The ‘Rosinbloomer’ was in Lenz’ trembling hands before he even realized it was there. 
‘Hey! Hey! I said North man! Just where the fuck are you going?’
‘Please, Sir. Calm down! With this crazy spaghetti bowl the quickest way North from here is the South turnpike.’
‘What? I don’t care about quick, man. I said fucking North. And you wanna go south? South shouldn’t even be part of your vocabulary right now, Pal.’ Lenz starts squirting lighter fluid all over the taxicab driver’s head. He rolled the wheel of the zippo and the spark was all it took to set off a huge conflagration that engulfed the whole top half of the inside of the car. The man somehow stayed silent as his face and head started to melt and the hideous stench of burning flesh began to waft in all directions at once. Lenz ducked and scrambled for the door latch. Rolling out onto the street, Lenz was up on his feet and looking at the cab; always fascinated, rarely giving up the chance to see the end results of his handiwork. To his amazement the cab driver got out of the car and took two flaming steps toward him and reached one arm out toward him in some sort of final act of defiance before falling in a smoldering heap of hot and bubbling tallow.

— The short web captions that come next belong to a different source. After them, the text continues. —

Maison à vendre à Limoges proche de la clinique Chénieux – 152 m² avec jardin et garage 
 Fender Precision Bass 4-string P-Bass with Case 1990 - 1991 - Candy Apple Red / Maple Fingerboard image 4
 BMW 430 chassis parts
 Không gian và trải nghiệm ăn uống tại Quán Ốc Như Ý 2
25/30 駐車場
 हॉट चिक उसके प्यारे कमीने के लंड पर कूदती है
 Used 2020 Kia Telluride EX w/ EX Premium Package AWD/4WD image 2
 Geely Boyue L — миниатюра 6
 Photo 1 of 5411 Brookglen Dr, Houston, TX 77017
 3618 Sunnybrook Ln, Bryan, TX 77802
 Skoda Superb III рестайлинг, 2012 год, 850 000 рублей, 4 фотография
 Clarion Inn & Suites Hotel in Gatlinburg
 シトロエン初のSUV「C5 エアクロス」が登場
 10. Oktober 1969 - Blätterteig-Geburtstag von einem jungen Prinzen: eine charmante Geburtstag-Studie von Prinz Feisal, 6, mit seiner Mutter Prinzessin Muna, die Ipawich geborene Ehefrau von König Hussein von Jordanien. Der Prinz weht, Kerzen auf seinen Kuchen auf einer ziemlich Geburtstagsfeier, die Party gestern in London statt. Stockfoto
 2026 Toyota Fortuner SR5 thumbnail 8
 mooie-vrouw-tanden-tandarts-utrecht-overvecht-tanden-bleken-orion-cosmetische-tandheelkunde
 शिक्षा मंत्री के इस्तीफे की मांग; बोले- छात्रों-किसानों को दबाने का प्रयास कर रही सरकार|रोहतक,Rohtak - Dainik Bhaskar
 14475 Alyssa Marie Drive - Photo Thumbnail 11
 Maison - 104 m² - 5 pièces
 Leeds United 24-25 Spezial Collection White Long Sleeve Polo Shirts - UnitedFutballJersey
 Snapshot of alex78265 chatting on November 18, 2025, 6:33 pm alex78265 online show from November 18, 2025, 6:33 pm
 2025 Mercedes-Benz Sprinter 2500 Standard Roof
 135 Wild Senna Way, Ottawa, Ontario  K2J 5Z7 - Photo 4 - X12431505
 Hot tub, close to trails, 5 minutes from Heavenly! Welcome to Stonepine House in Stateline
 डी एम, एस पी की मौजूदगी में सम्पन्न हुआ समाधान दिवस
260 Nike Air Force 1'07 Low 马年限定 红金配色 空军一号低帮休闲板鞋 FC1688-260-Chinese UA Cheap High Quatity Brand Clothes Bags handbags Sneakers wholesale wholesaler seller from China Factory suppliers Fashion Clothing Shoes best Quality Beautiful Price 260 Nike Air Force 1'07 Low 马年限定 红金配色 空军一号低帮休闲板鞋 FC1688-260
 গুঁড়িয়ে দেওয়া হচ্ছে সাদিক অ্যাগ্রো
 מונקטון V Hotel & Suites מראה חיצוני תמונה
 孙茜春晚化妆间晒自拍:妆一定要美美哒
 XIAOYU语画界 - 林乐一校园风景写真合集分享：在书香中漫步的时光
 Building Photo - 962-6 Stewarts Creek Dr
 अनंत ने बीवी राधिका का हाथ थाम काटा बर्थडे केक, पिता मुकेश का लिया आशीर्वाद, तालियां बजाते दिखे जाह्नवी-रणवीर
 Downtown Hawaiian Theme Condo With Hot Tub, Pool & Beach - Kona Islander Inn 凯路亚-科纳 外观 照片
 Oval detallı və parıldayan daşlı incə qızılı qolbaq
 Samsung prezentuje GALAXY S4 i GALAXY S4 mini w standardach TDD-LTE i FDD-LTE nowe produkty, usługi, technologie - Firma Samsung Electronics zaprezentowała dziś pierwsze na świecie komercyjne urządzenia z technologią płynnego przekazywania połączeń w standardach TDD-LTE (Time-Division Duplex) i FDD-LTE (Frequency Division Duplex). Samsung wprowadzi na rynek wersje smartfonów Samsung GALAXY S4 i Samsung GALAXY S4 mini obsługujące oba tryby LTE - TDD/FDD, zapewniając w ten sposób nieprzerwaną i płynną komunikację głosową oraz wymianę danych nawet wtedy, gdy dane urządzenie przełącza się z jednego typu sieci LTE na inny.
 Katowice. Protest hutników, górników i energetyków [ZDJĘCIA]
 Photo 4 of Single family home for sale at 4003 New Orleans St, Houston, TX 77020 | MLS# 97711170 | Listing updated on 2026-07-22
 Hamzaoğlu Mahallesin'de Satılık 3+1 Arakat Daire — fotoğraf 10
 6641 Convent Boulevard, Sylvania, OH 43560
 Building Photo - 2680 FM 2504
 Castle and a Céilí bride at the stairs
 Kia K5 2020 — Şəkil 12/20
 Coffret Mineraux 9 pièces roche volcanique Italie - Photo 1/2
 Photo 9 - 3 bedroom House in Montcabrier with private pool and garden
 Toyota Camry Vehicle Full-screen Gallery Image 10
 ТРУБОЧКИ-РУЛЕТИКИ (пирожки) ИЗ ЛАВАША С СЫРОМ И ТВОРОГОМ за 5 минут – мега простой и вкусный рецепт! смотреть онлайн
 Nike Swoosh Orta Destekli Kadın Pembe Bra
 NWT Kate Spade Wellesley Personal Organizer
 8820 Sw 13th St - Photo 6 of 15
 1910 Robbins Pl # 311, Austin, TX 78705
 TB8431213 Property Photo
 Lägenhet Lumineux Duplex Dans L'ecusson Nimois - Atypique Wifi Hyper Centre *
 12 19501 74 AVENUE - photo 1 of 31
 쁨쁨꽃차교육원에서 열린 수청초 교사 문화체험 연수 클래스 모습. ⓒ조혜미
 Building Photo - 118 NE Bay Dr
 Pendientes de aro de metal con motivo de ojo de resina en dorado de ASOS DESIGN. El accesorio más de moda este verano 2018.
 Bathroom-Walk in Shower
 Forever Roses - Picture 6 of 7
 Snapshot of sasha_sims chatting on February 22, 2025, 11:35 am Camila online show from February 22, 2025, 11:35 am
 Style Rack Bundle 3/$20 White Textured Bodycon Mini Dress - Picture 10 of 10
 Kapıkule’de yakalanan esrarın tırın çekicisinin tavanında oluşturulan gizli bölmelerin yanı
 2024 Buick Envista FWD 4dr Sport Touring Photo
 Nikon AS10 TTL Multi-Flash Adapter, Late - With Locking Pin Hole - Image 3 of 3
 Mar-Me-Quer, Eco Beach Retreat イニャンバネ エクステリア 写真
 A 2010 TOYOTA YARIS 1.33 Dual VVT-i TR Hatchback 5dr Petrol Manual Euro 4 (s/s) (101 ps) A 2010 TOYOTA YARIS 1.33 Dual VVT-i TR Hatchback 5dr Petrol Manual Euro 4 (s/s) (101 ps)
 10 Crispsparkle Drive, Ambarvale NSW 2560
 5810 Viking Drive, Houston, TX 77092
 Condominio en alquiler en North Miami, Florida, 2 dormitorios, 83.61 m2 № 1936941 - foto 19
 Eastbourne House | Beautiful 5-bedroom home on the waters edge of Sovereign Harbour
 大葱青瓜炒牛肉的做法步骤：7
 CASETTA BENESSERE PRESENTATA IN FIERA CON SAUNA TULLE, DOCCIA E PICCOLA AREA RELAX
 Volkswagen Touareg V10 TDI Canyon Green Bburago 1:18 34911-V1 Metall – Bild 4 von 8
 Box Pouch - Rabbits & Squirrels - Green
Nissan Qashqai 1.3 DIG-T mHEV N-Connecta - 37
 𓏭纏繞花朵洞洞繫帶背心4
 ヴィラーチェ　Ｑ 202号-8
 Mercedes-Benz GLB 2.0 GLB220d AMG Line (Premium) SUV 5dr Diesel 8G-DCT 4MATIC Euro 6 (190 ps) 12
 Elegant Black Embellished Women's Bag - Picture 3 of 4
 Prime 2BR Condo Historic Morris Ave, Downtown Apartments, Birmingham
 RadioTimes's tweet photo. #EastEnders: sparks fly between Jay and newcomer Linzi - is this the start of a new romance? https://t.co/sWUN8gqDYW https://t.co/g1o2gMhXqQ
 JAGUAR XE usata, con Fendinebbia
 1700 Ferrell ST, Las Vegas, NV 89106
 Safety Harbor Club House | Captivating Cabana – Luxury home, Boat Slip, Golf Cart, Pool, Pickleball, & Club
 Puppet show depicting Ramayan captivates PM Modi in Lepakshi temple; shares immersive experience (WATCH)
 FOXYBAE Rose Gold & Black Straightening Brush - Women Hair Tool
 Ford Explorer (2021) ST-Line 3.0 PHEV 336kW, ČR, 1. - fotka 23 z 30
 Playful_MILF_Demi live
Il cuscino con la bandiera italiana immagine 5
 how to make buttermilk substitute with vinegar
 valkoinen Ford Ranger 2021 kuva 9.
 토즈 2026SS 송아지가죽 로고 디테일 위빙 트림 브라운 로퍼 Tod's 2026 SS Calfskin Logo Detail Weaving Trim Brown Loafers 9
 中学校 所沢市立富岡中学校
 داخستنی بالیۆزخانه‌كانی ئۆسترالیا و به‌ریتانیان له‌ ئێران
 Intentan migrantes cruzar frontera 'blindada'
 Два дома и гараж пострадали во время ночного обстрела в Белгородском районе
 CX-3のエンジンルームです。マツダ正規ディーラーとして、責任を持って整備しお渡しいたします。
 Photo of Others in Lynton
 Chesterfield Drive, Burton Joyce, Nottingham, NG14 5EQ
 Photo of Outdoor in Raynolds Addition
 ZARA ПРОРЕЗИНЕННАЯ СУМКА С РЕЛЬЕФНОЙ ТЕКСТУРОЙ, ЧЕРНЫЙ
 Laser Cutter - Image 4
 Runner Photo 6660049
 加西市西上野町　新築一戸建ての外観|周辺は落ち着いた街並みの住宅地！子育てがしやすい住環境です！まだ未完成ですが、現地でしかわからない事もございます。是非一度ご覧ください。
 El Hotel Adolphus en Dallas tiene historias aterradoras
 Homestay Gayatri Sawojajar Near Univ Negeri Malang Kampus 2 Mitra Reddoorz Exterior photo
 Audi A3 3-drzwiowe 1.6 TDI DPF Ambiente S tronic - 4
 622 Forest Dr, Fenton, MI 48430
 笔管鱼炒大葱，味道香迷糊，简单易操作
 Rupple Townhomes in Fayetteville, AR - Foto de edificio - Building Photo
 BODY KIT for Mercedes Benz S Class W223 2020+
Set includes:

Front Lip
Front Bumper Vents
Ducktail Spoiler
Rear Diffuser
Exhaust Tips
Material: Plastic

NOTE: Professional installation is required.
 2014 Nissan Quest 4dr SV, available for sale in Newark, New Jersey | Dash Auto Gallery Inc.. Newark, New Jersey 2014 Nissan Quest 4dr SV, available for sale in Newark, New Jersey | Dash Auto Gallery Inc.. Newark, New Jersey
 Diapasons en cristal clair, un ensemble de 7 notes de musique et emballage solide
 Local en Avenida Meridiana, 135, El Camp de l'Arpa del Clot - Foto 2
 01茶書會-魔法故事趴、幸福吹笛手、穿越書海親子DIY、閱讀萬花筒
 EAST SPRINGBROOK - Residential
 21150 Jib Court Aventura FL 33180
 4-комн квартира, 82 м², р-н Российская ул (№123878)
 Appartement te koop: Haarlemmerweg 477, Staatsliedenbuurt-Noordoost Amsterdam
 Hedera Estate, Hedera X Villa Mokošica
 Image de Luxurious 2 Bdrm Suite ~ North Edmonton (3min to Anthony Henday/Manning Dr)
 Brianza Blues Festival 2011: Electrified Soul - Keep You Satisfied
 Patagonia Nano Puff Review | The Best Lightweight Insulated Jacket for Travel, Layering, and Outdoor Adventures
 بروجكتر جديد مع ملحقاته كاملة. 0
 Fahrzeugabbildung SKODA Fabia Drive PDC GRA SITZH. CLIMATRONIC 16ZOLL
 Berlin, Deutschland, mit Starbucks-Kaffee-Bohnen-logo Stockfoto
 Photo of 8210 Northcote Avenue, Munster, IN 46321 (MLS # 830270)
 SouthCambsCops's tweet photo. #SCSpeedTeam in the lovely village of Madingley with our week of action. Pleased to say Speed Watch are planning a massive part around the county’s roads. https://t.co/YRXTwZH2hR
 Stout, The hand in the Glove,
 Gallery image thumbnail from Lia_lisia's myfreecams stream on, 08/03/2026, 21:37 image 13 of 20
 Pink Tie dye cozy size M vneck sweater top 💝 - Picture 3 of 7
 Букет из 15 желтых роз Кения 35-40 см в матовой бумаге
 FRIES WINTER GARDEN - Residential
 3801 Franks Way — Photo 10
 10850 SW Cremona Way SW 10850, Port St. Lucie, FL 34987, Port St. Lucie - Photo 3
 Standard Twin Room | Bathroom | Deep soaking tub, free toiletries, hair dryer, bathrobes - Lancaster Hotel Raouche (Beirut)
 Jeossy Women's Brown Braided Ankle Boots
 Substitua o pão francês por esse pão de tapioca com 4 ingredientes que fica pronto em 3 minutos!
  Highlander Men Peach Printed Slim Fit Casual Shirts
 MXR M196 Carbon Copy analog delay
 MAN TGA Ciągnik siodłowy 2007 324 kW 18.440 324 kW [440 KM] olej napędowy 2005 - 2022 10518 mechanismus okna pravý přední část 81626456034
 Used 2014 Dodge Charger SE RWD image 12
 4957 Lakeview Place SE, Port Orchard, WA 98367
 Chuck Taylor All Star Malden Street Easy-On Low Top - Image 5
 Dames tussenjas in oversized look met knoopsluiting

Lenz looked to the sky again and there it was in all its neon glory. The familiar clock stood out against the landscape that he had no idea how he missed it earlier. 

He triangulated quickly, got his bearings and ran. Soon, to his dismay, the streets started looking familiar again. The tennis academy was lit up bright. A shining sign of salvation on a moonless night. He ran past it and soon was at the Ennet House front steps again. All was silent and serene, no signs of the chaos that erupted earlier, of which he played no small part in causing. He made it to the stairs, sat down utterly exhausted and didn’t even think about Sir William before he passed out with it cradled protectively in his lap. Hours later the thick, baritone voice of Gately, urging him to live life through trite cliches woke him but when he opened his eyes Gately was no where to be found.